Si hacemos una evaluación ética ágil de lo que nos toca vivir como sociedad, nos daremos cuenta que las situaciones desfavorables que vivimos como país responden en mucho a una carencia de educación para el ejercicio del buen juicio, es decir, para el ejercicio ético.

Las relaciones políticas tan venidas a menos hoy en día, donde no sólo son protagonistas diversas figuras políticas públicas de distintos partidos y grupos en nuestro país, sino también los agentes de la sociedad civil que con su silencio o indiferencia frente a las cosas de interés público, revelan una conciencia ética débil. Asimismo en lo que respecta a la situación de violencia cotidiana que vivimos, pensando en el tejido social, tanto en la esfera privada como el maltrato familiar, o los lenguajes despectivos generados para relacionarnos con nuestros “próximos”, representa que el ejercicio del buen juicio, o la acción buena para con los demás se encuentra ausente de nuestros referentes de acción, lo cual genera identidades débiles, sesgadas y hasta podríamos decir mutiladas para acceder a la vida plena que todos buscamos.

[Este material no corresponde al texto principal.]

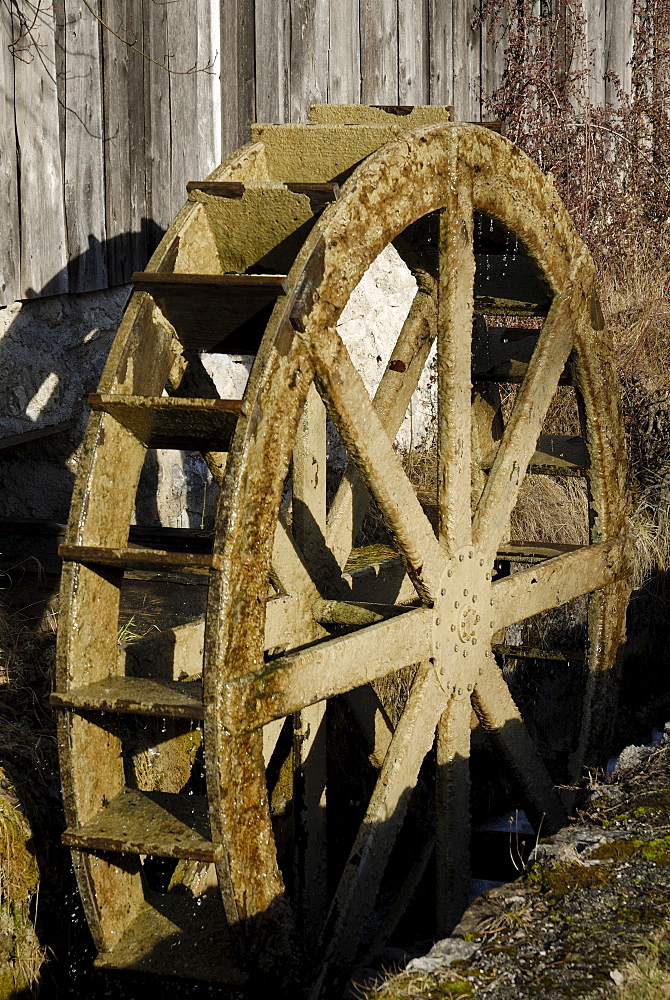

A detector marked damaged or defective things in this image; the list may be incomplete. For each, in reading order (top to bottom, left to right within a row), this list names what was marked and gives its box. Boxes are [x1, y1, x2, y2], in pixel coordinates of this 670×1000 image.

rusted metal hub [434, 548, 496, 696]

Todo esto es lo que se ha venido a denominar ya desde hace un buen tiempo como cultura de violencia, es decir, la violencia arraigada en nuestros distintos espacios vitales, tanto privados como públicos, los cuales dominan nuestros modos de acercarnos a los otros.

Lo trágico de este asunto, es que la cultura de violencia aceptada pasivamente, produce, como una máquina industrial, situaciones de violencia sistemáticas e institucionalizadas, como la tortura y otros tratos crueles, inhumanos o degradantes, desapariciones forzadas y en definitiva, diversos tipos de violación a los derechos humanos.

En tal sentido, por más que nos esforcemos en cambiar el aparato administrativo de poder político, o las reglamentaciones institucionales, o incluso las leyes, la situación de violencia y violación de nuestra dignidad y por lo tanto de nuestra identidad que busca una vida plena no desaparecerá. Hace falta que los cambios se den en los imaginarios colectivos, en las prácticas cotidianas y en el sistema de creencias de la población en su conjunto, desarrollando nuestra capacidad del buen juicio. La vida plena que todos y todas anhelamos podremos hallarla siempre que sepamos elegir lo mejor para nosotros y para los demás, doble dinámica de la cual no podemos desprendernos para este fin y la cual se transmite con acciones antes que con palabras. Actuar bien representa un reto ineludible en nuestros días.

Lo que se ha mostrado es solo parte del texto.